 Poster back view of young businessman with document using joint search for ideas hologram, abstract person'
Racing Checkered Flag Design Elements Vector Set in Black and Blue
--
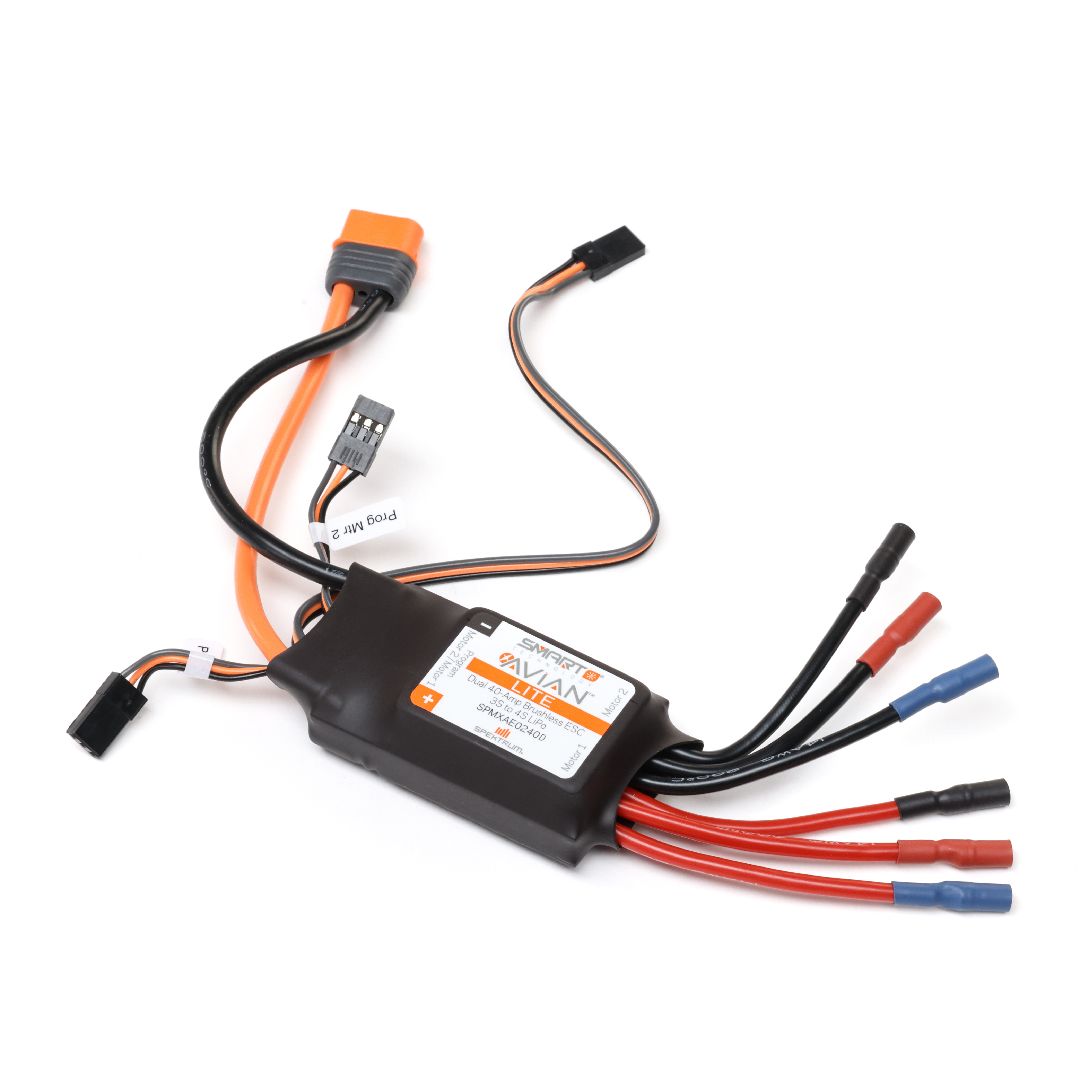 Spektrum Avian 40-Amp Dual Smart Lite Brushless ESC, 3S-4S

=== REQUIREMENT ===
Look through the material above and print exactly the lines from the one containing "Poster back view" to the one containing "Racing Checkered Flag", both included, and nothing more.

=== SOLUTION FOR THIS EXERCISE ===
 Poster back view of young businessman with document using joint search for ideas hologram, abstract person'
Racing Checkered Flag Design Elements Vector Set in Black and Blue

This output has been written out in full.